Frequently Asked Questions
What can replace phosphoric acid?
A: The only option is to replace it with a similar chemical that does not have the same reaction as phosphorus.
What are the dangers of phosphoric acid?
A: Phosphoric acid is an inorganic chemical compound produced as the hydrolysis product of phosphates (polyphosphate) and hydrogen chloride. The most important use for this acid is to manufacture fertilizers, including superphosphate, which can increase the level of available phosphorus in soils, pastures, and plants from rock phosphate deposits or seawater.

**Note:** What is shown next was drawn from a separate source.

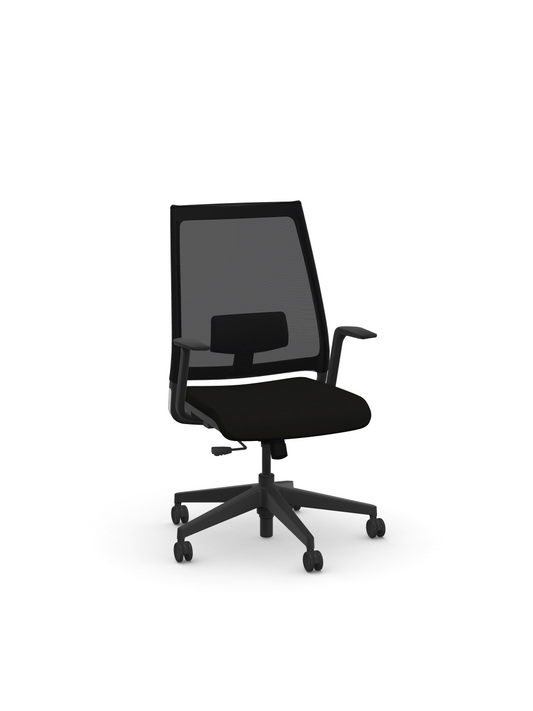 9 to 5 Seating Luna Mesh Back Task 3460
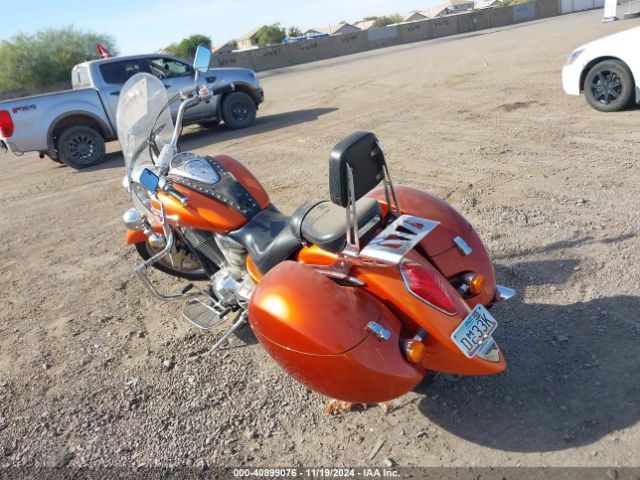 2002 HONDA VTX1800 1HFSC49542A000155 Photo 2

Is phosphoric acid environmentally friendly?
A: Phosphoric acid is a popular chemical that can be found in household products such as soap, laundry detergent, and food preservatives like pickles. It is also used to make fertilizers because it helps plants grow faster than they would without it. However, phosphoric acid does have some negative environmental effects when released into the air or if you spill a lot of the material on your skin. The EPA says that one way to reduce these effects is by using local renewable energy sources for manufacturing instead of non-renewable fossil fuels.